New York Times shocker: The truth about Egypt slips out
In a rare moment of candor, the paper exposes U.S. involvement in the coup — and then seems to promptly forget it
Have you noticed the silence, the casual indifference, of the Obama administration since the Egyptian army shoved President Mohamed Morsi from office in a military coup that gets bloodier by the day? Well, that is what you are supposed to notice.
Barack Obama goes golfing as Cairo descends into violence. Secretary of State John Kerry goes sailing in Nantucket. Neither has anything of importance to say about the events in Egypt — the chaos engulfing the nation. We’re just bystanders, and those poor Egyptians — we hope they can sort themselves out.
These guys play a pretty fair hand a lot of the time, but they have overplayed this one. Anyone who thinks the U.S. is not complicit up to its eyebrows in the Egyptian army’s unlawful coup needs a refresher in our history.
It is now common currency to say that Morsi, who served just a year after he was legitimately elected in June 2012, failed some kind of democracy test. He did no such thing. There was a test, but the failure belongs to Washington. It professes to like democracies all over the planet, but it cannot yet abide one that may not reflect America’s will.
I have not written anything new just now. Just in some of our lifetimes we have Italy’s elections in 1948 (corrupted) and many, many Japanese elections — generations of them. Then there’s the nastier stuff: Mossadegh in Iran, Arbenz in Guatemala, Lumumba, Sukarno, Allende, and so on.
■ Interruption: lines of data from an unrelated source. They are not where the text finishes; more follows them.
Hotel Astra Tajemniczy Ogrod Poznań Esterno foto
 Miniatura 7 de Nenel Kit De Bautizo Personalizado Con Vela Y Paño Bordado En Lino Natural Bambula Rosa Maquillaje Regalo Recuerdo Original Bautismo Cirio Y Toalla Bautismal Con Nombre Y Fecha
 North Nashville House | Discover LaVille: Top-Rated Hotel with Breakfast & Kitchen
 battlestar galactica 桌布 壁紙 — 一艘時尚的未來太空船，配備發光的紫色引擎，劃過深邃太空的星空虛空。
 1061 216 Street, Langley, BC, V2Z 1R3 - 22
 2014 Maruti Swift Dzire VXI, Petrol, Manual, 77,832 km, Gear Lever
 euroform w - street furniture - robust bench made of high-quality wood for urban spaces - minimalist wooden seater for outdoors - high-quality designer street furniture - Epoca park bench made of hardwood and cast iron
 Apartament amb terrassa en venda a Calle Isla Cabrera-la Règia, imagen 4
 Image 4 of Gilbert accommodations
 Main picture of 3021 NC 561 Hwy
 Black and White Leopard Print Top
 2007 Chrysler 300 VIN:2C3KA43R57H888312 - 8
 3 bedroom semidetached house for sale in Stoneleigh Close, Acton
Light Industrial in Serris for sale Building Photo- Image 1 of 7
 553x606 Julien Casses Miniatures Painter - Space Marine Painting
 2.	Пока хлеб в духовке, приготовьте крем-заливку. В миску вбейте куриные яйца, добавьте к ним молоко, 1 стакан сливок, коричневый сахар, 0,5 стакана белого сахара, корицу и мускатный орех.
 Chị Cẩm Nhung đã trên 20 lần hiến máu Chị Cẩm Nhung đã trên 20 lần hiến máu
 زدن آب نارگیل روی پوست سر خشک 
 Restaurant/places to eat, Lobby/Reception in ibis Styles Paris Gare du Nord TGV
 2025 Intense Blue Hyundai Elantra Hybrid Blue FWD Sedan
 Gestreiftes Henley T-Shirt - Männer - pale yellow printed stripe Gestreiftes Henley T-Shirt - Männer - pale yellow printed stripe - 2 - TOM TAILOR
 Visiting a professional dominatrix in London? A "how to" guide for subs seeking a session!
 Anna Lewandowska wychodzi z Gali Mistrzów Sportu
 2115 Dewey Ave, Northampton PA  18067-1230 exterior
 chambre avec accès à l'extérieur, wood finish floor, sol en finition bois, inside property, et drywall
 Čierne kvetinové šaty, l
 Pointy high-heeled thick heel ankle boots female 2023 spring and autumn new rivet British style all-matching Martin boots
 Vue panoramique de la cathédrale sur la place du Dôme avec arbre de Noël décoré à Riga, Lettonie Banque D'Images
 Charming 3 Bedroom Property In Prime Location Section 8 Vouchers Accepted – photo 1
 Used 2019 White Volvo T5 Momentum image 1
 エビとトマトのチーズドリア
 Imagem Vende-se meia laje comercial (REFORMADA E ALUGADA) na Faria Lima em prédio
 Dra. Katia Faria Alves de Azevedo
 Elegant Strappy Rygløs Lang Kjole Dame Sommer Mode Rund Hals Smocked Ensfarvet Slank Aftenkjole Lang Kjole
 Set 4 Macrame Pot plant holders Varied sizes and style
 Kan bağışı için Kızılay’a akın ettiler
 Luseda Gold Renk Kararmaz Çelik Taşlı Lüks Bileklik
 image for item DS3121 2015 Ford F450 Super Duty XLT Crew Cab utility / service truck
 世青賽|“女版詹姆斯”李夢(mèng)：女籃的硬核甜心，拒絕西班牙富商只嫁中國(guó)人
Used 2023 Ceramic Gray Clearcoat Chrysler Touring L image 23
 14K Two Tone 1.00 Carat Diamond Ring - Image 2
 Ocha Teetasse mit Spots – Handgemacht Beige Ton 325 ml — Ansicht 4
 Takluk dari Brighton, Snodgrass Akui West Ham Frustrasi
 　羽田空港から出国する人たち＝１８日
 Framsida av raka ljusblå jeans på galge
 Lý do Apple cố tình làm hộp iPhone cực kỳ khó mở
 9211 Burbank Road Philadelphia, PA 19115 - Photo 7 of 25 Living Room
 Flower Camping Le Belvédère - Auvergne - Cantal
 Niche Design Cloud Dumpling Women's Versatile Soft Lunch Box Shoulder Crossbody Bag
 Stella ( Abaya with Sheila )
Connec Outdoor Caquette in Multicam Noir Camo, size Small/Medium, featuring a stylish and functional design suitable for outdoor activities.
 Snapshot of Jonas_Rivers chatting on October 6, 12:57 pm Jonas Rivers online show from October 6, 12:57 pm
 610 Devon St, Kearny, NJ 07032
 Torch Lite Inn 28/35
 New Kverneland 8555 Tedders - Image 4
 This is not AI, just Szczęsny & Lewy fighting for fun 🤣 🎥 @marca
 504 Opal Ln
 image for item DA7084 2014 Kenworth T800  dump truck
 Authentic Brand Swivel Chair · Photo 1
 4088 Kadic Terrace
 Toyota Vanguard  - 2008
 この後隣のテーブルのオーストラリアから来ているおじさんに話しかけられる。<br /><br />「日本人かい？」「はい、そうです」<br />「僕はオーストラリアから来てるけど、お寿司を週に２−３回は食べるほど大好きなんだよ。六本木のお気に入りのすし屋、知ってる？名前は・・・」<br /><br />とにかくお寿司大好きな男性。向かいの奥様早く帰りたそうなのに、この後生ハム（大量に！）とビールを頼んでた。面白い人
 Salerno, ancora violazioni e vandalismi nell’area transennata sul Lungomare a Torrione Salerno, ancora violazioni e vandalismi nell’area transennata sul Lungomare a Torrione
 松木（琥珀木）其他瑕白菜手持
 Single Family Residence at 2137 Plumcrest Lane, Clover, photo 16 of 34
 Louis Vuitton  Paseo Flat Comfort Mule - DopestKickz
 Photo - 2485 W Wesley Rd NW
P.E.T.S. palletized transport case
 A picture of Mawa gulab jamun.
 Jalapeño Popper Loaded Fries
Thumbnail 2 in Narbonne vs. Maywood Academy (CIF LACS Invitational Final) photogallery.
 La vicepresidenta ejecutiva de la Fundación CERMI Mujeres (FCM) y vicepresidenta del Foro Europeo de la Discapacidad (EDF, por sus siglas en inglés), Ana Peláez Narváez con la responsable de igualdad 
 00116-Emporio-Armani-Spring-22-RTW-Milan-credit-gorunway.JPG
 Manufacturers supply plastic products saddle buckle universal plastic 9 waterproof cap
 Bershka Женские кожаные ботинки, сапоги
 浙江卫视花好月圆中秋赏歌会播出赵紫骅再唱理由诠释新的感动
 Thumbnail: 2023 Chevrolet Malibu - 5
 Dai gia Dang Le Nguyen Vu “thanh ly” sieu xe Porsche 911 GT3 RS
But to say it is an old story is precisely what is so disturbing, not to say disgraceful, about the coup in Egypt and America’s part in it. The Arab world (a quarter of which abides in Egypt) is struggling toward a kind of democracy that will arise from Islamic culture and civilization. This is why the Arab Spring, as it commenced in early 2011, remains so promising. One embraces the prospect of something new.
Morsi made a thousand mistakes. There was political immaturity (hardly surprising after three decades of U.S.-backed dictators), there was the seeking of partisan advantage, there was sectarian exclusion, there was the defensiveness and overcompensating of the Muslim Brotherhood, Morsi’s party, after long years of persecution. Egypt’s first properly elected government was bound to be something of a dog’s dinner, as the English say.
But search as one may, there is nothing on the list that warranted a military coup. And this accounts for the cat-ate-the-canary bit the Obama administration is asking us to accept. What Washington truly does not want is an elected Islamic government, and this is written all over what the Obama administration has just taken part in.
There is nothing so honorable as a statement of policy — Where is Edward Snowden now that we really need him? — but there are footprints galore. There is the nomenclature, for instance. When is a coup not a coup? When it is against U.S. law to support one, and when the White House and Congress want to continue sending $1.5 billion in aid to the Egyptian military. So Egypt has not had a coup, somehow — never mind that the law is being broken. Americans are actually invited to accept this, and many do. It makes you think P.T. Barnum had it right all along.